> **YOUR TASK**
In the records below, count every line that contains the word "front" and report only the total.

(Brief descriptive captions)

# # # # # # #

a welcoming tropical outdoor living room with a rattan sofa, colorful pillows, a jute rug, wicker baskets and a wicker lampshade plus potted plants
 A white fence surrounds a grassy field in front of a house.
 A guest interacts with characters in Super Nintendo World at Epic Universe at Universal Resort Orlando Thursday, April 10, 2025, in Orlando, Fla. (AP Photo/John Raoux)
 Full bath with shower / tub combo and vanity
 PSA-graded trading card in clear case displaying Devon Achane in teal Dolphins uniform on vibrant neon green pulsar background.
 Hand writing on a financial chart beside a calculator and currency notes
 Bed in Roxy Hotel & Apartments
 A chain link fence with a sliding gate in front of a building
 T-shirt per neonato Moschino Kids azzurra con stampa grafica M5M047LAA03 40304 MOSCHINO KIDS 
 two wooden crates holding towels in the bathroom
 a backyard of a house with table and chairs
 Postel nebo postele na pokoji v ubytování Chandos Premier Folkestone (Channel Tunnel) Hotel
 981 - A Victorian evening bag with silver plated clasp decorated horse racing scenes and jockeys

# # # # # # #

> **SOLVED PROBLEM**
2